King encountered a major speed bump after the board turfed out the candidate for Waikato, Steve Cranston. Four other candidates quit in solidarity, saying Cranston had been singled out after seeking transparency from the board on issues including the role of “a shadow leader” and demanding “a change in party culture”. In a livestream, Cranston said: “There needed to be an acknowledgement that we’re essentially a volunteer organisation. People needed to be treated with respect.”
King told Reality Check Radio he would not get into the details over “an ongoing issue with a candidate” but it was “a reasonably sized hiccup, but we carry on” and it was wrong to describe the party as “imploding”. And: “there is no shadow leader.”
‘We’ve already got brand recognition’
Standing by the water’s edge in the Marlborough Sounds at the start of the month, Leighton Baker announced the launch of a new party. Its name: The Leighton Baker Party. Former leader of the NZ Conservative Party, father of perhaps the country’s leading conspiracy Instagrammer, Chantelle, Baker said: “I can‘t sit by and stand and watch what’s happening to our democracy in New Zealand. We are losing our freedoms.” People were “demonised”, he said, if they wanted to debate, for example, “gender ideology”, climate change or “the whole vaccination and everything there”.

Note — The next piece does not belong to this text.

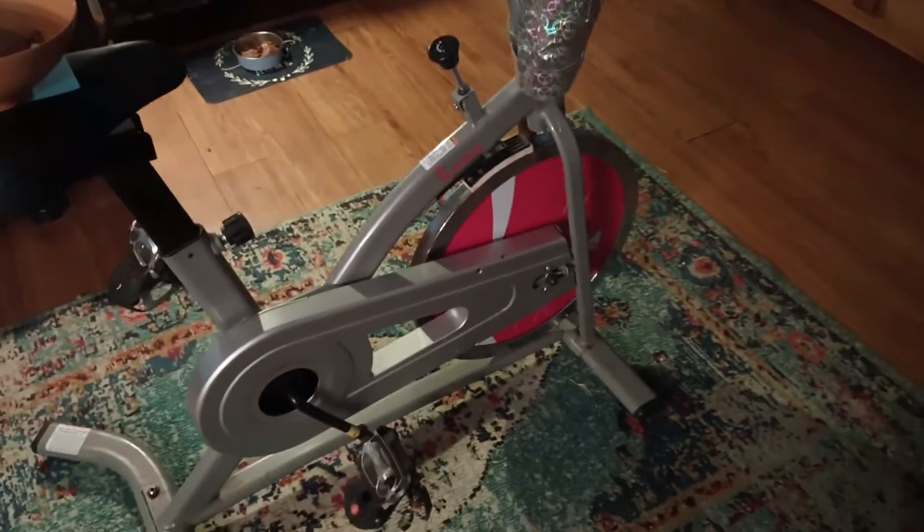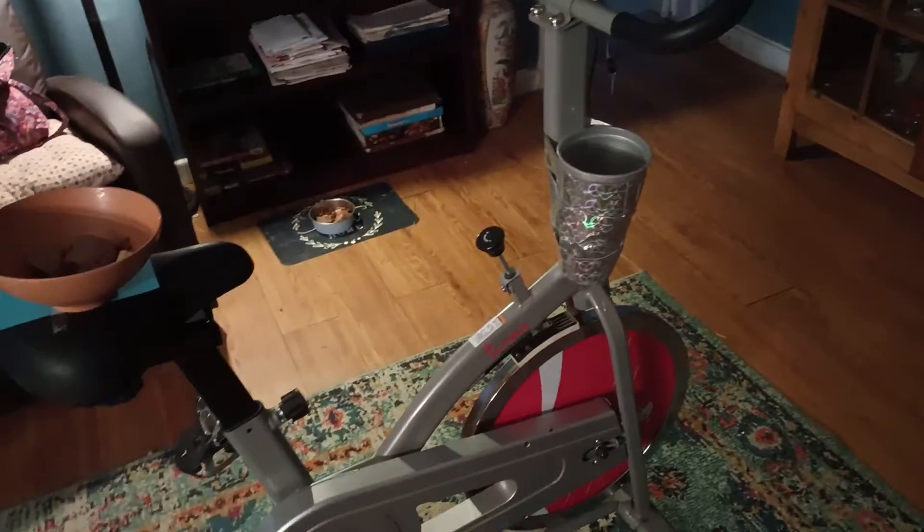I have an exercise bike called a Sunny, and it's working just fine, so it's $199.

Baker, against whom charges relating to involvement in the final day of the parliamentary protest were dropped, said the party name had been chosen because in his name, “we’ve already got brand recognition”, and therefore it was “being fiscally responsible and using what we have”.
‘I’m just ordinary’
Alongside Jami-Lee Ross, former blues musician Billy Te Kahika led Advance NZ (incorporating the People’s Party) in a rollercoaster 2020 election ride. Since that ultimately disappointing venture, Te Kahika has largely rejected politics. He is currently on bail pending an appeal against a conviction for breaching the Covid-19 Public Health Response Act by organising and attending a protest alongside Vinny Eastwood during the 2021 Covid lockdown. The pair were sentenced to four months’ jail.

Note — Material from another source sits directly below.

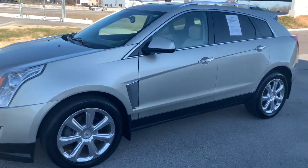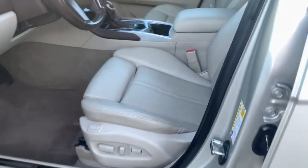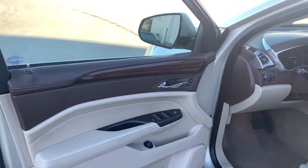All-wheel drive, navigation system, keyless entry, sunroof and moonroof, power passenger seat, active suspension, remote engine start, V6 cylinder engine, heated mirrors, fog lamps.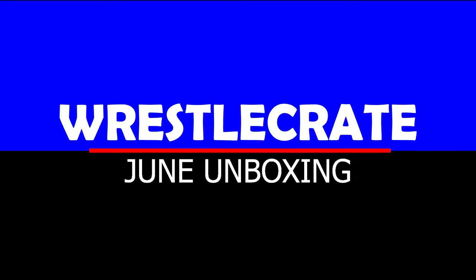Welcome everybody to a Highlight Reel original production. This is the WrestleCrate June unboxing video. So sit back, relax, enjoy the content and feel free to like, share and subscribe.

In a livestream this week from his Northland home, Te Kahika said, “in the last couple of weeks I’ve had so many people tell me, ‘Billy, please go back into politics, please stand, please try and bring everyone together in the freedom movement, etcetera, etcetera.'” His response? “If I thought I could get into parliament and make a difference for us all, I’d do it … it would be worth taking a gamble and enduring all the slander”. He lacked the connections to elite powerbrokers that he had come to realise were required to succeed, however. “Even if we could do twice of what we did in terms of promotion and activity in 2020, I don’t believe they’re ever going to let someone like me into parliament, because I’m just ordinary … I think that was the problem.”
What the polling says
The most recent Kantar poll for 1News, conducted and published at the end of last month, suggests the fringe right parties have a hill to climb. The parties in the Freedoms NZ umbrella group were backed by a total of 0.7%, with New Nation on 0.3%, Outdoors & Freedom on 0.2%, and Vision NZ 0.2%. Democracy NZ was backed by 0.7%. Leighton Baker’s former party, the New Conservatives, had 0.6%. In 2020, Te Kahika and Ross’s Advance NZ captured 1% of the overall vote.
It remains likely that the fringe right parties will have an impact on the campaign ahead as a disruptive, destabilising force, not least in their potential to feed disinformation into the mix. But the chances of any such group getting close to the 5% threshold required to make it to parliament without an electorate seat look vanishingly small.